§ **ASSIGNMENT**
What is needed is the exact text of each line in the listing below from the one with "Scarecrow Papieren Bordje (Feest)" up to and including the one with "Linea Green Hygge", and no pictures.

(DATA EXTRACTS)

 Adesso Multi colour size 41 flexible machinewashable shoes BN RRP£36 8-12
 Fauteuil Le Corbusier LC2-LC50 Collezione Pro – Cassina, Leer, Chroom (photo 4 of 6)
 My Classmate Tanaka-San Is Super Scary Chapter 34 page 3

(End DATA EXTRACTS)
(DATA EXTRACTS)

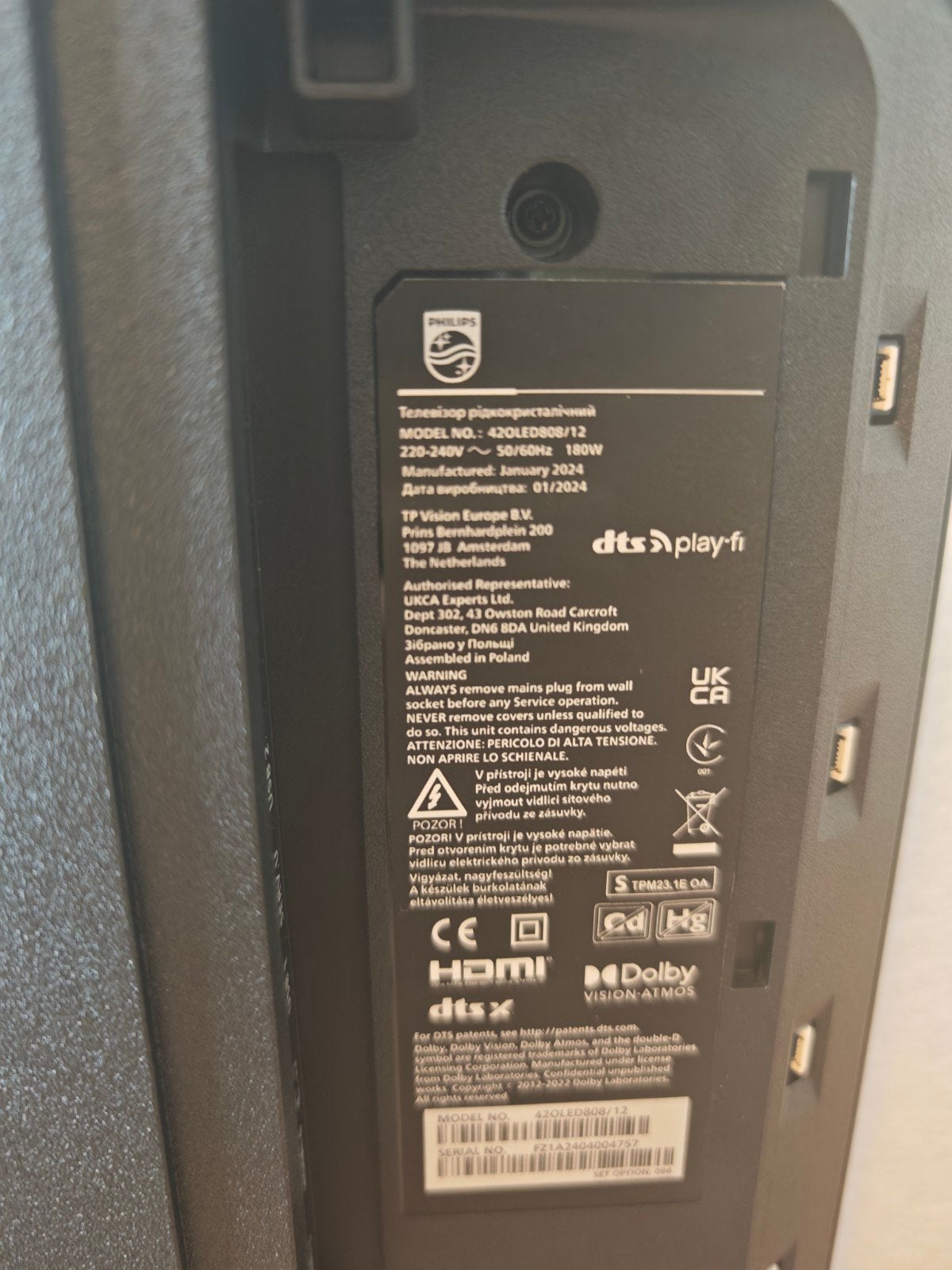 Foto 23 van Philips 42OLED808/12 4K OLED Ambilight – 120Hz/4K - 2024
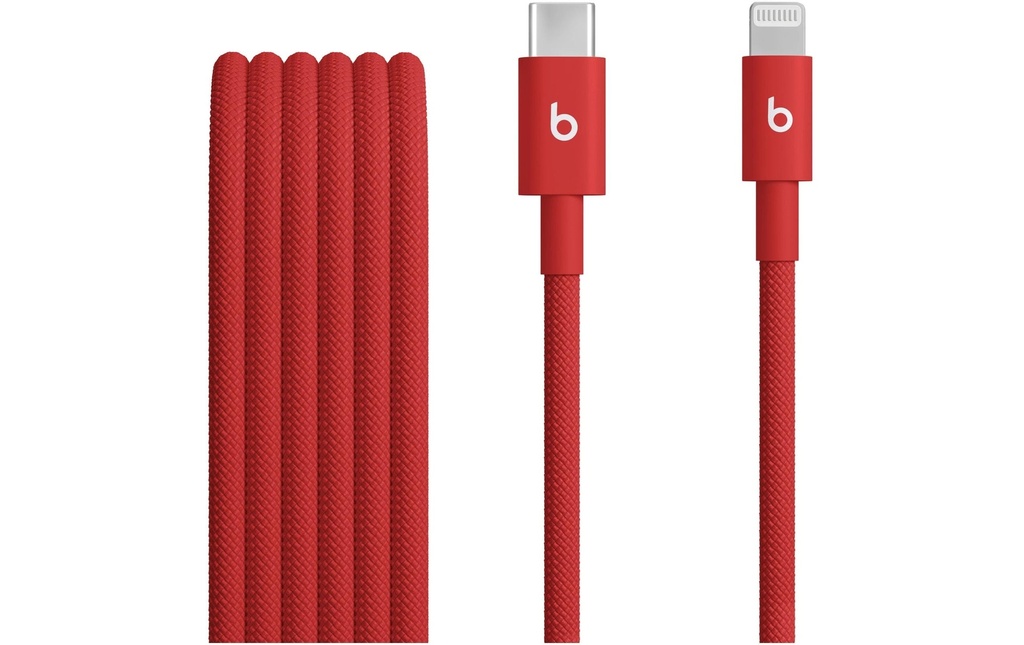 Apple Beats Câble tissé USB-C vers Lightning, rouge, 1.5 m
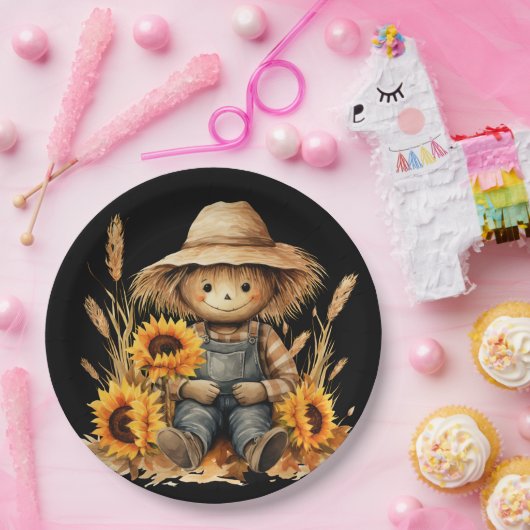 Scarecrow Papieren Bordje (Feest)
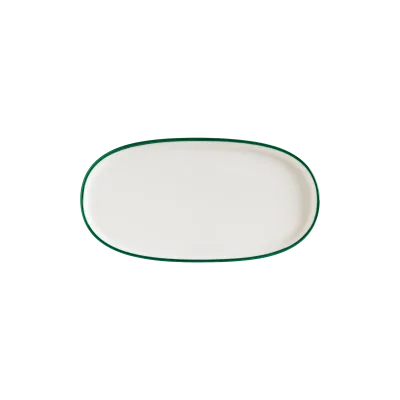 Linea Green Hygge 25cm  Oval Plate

(End DATA EXTRACTS)
(DATA EXTRACTS)

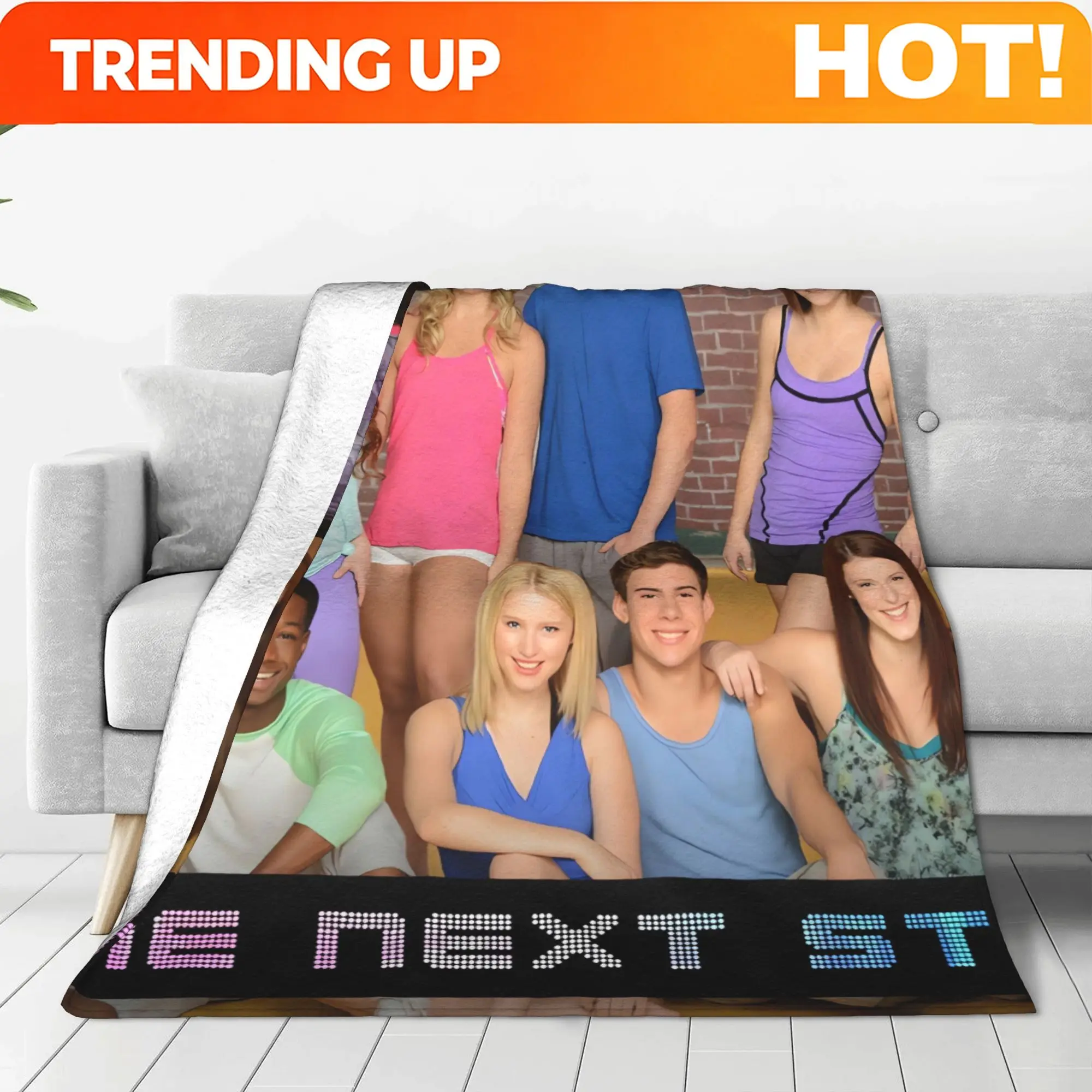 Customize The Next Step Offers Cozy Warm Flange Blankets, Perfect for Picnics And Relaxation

(End DATA EXTRACTS)

§ **RESPONSE BOX**
 Scarecrow Papieren Bordje (Feest)
 Linea Green Hygge 25cm  Oval Plate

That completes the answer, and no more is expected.